• [RECORDS SUPPLIED]:
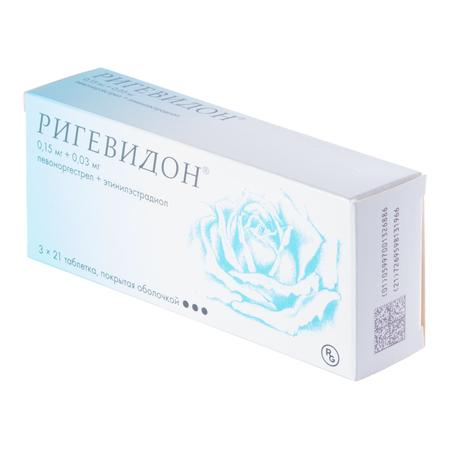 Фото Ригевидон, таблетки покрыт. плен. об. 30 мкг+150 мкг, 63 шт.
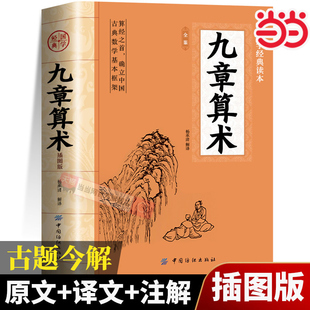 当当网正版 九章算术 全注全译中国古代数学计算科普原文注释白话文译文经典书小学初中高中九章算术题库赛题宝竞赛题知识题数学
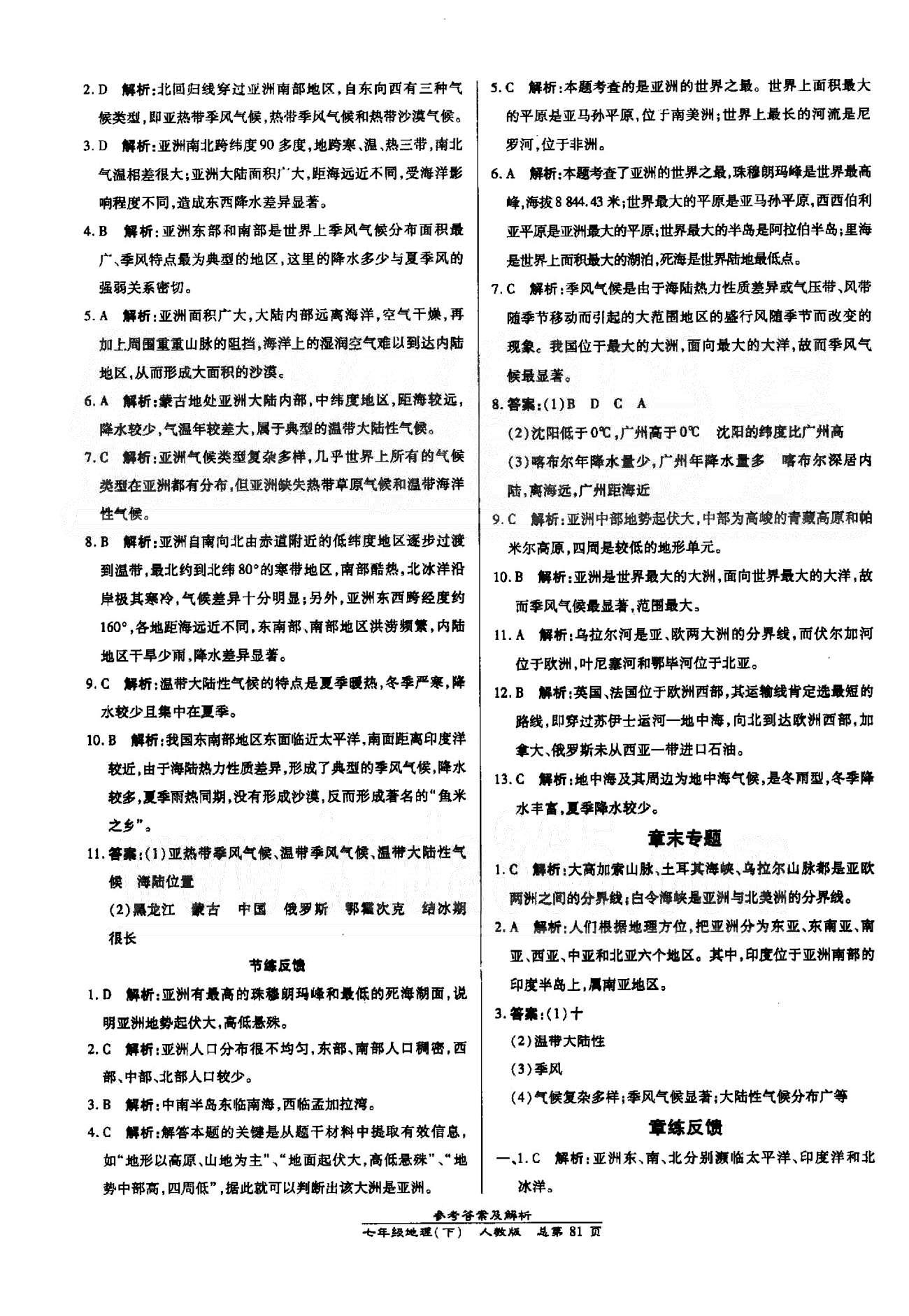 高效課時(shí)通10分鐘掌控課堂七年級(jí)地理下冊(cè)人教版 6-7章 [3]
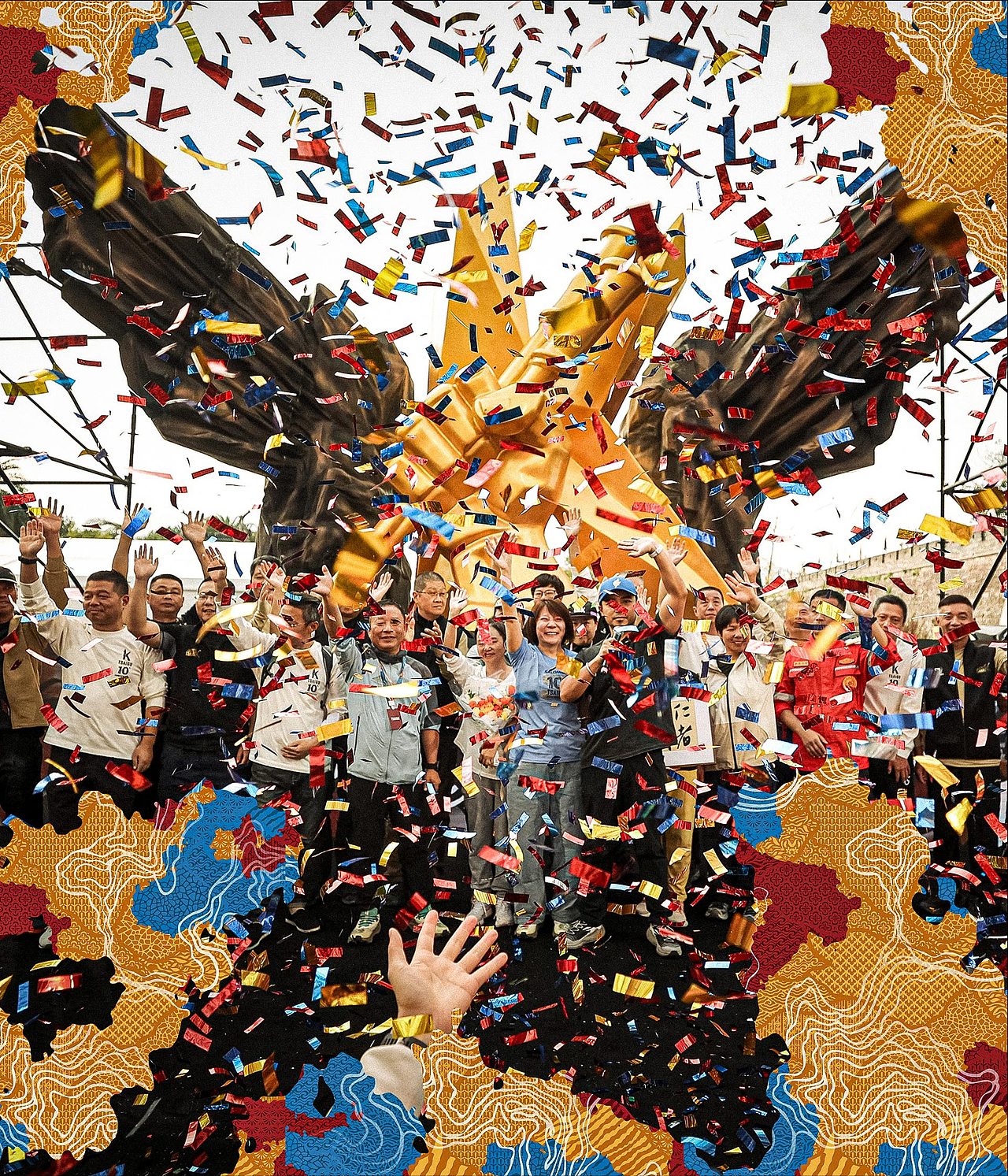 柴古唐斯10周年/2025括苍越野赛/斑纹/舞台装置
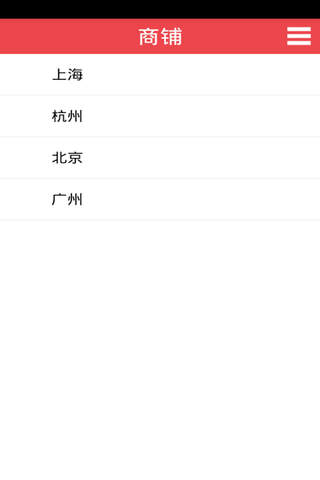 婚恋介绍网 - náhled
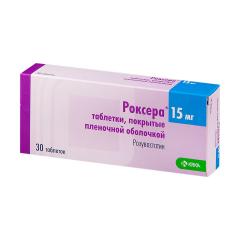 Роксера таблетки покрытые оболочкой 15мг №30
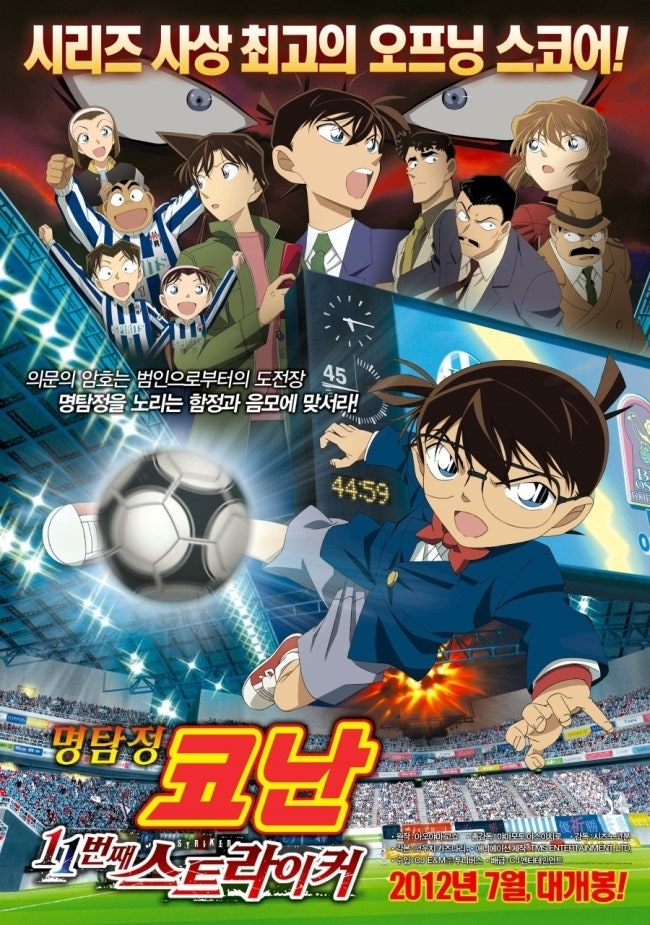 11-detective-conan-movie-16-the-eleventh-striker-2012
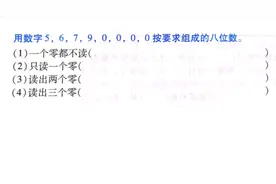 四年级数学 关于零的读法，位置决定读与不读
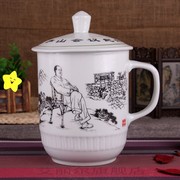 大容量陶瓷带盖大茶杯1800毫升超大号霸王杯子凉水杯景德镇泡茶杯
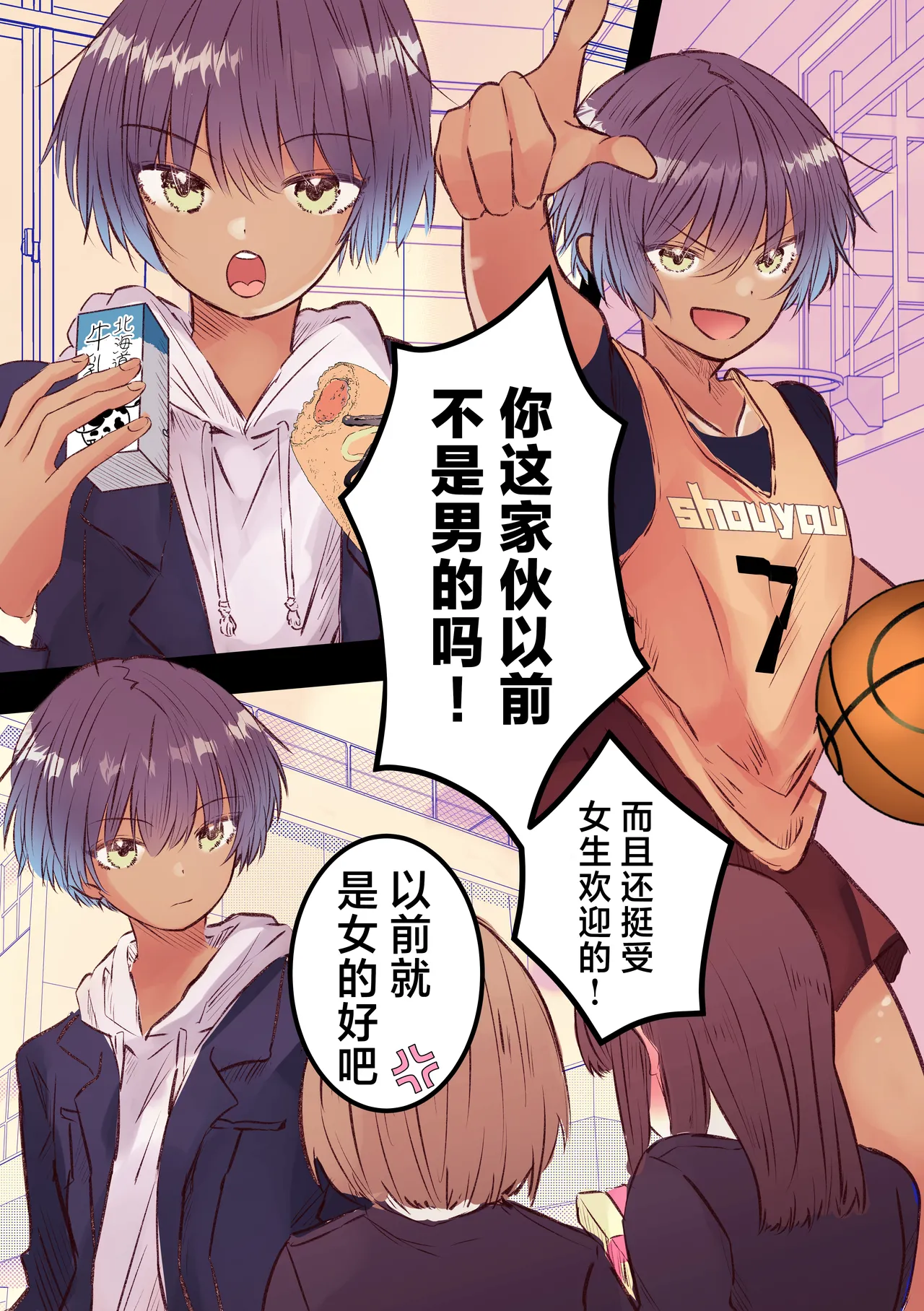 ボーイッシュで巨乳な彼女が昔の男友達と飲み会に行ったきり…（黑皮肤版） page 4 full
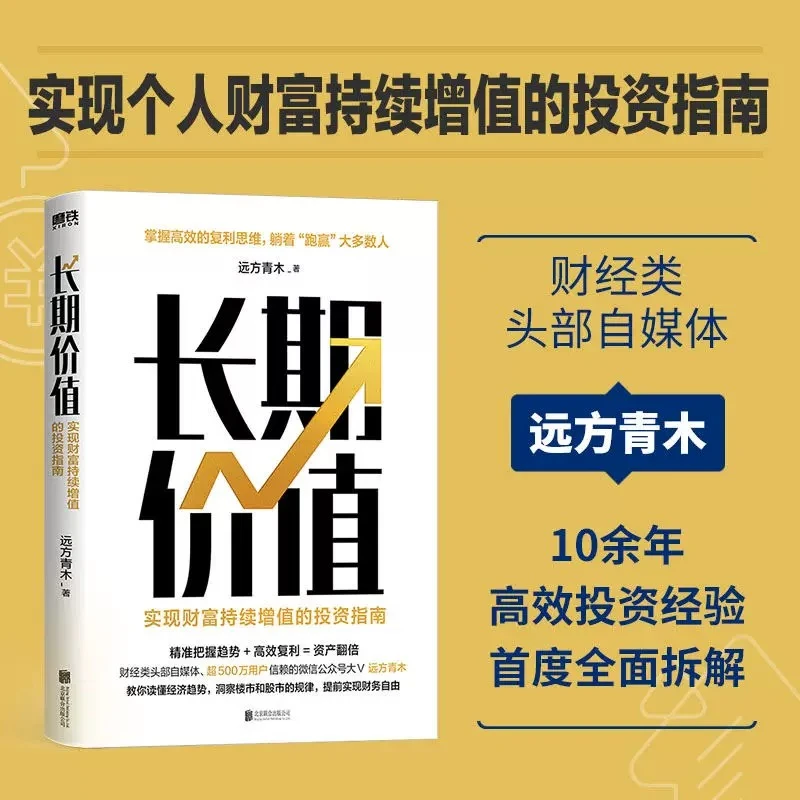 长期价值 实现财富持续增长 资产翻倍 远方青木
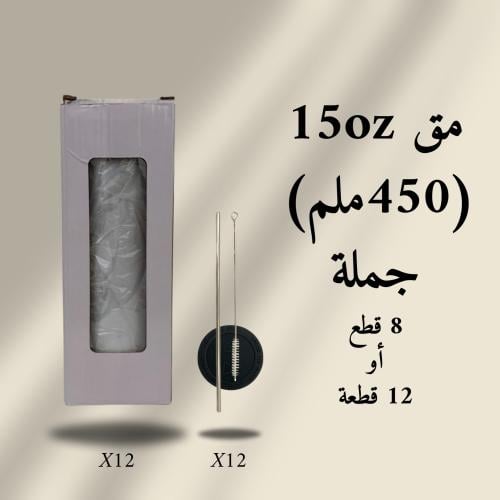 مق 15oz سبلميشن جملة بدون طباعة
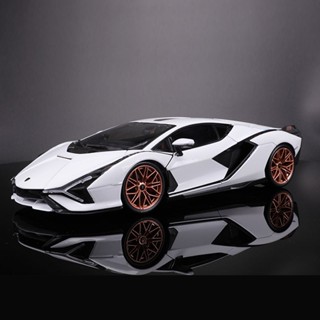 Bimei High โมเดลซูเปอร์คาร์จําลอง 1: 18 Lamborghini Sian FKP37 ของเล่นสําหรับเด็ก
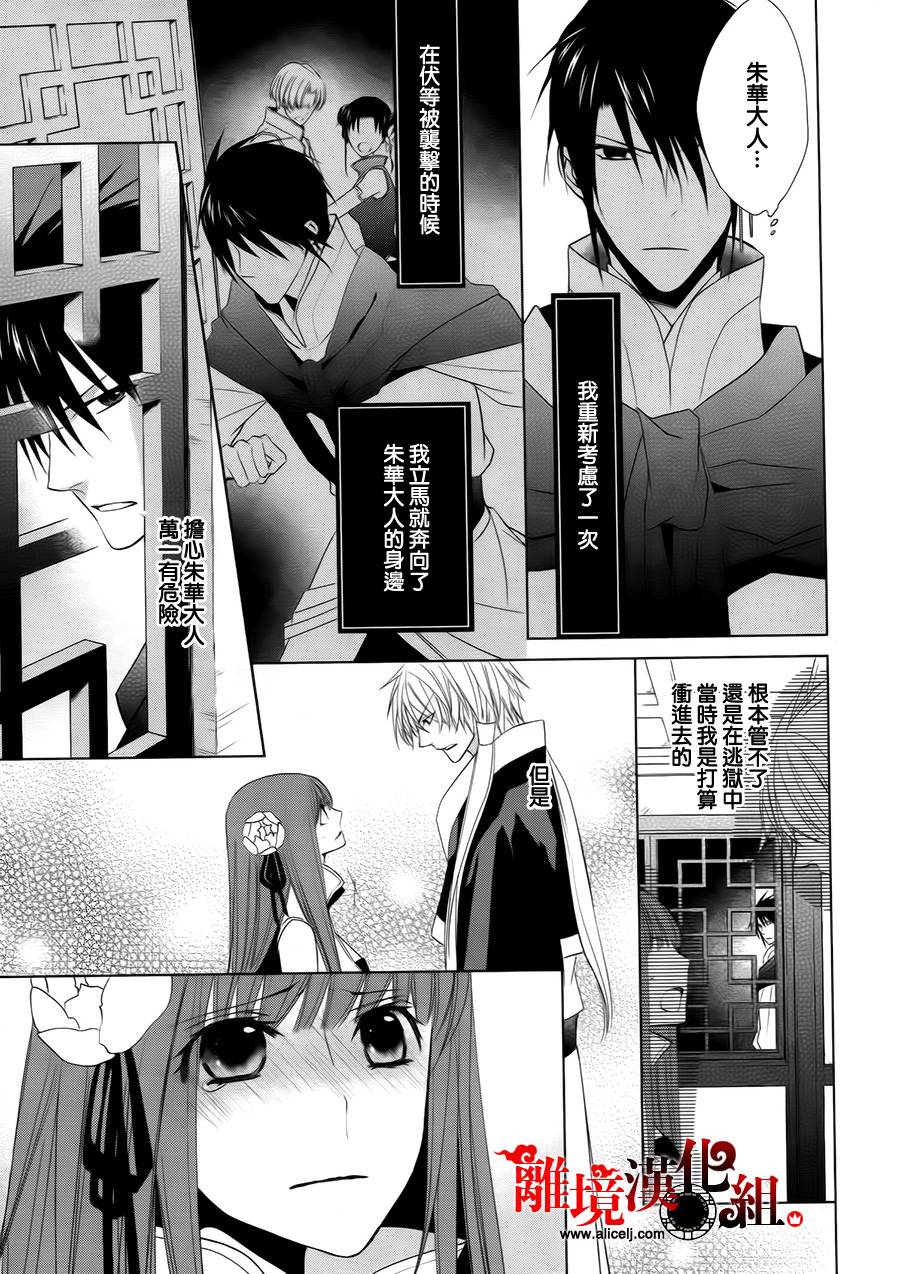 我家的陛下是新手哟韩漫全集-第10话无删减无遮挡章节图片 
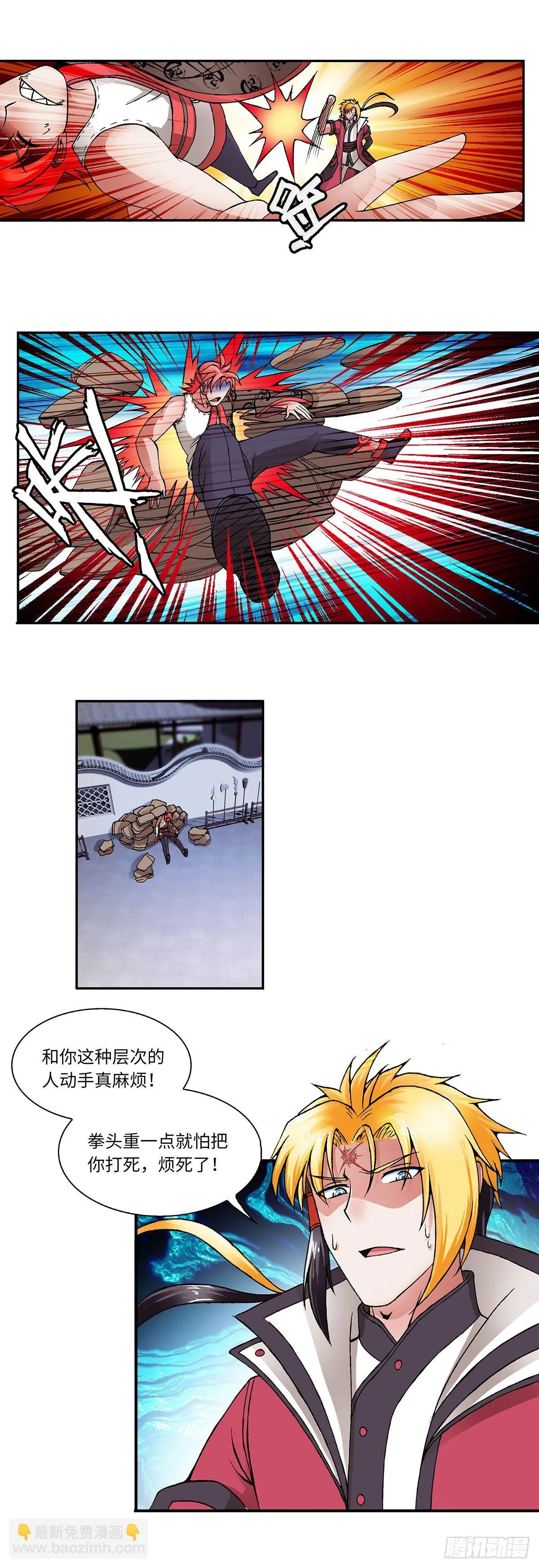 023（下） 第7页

• [TASK DETAILS]: Take the lines from the one holding "11-detective-conan-movie-16-the-eleventh-striker-2012" through the final line of the records above and output them exactly, both ends included, excluding pictures.

• [ANSWER AREA]:
 11-detective-conan-movie-16-the-eleventh-striker-2012
 四年级数学 关于零的读法，位置决定读与不读
 大容量陶瓷带盖大茶杯1800毫升超大号霸王杯子凉水杯景德镇泡茶杯
 ボーイッシュで巨乳な彼女が昔の男友達と飲み会に行ったきり…（黑皮肤版） page 4 full
 长期价值 实现财富持续增长 资产翻倍 远方青木
 مق 15oz سبلميشن جملة بدون طباعة
 Bimei High โมเดลซูเปอร์คาร์จําลอง 1: 18 Lamborghini Sian FKP37 ของเล่นสําหรับเด็ก
 我家的陛下是新手哟韩漫全集-第10话无删减无遮挡章节图片 
 023（下） 第7页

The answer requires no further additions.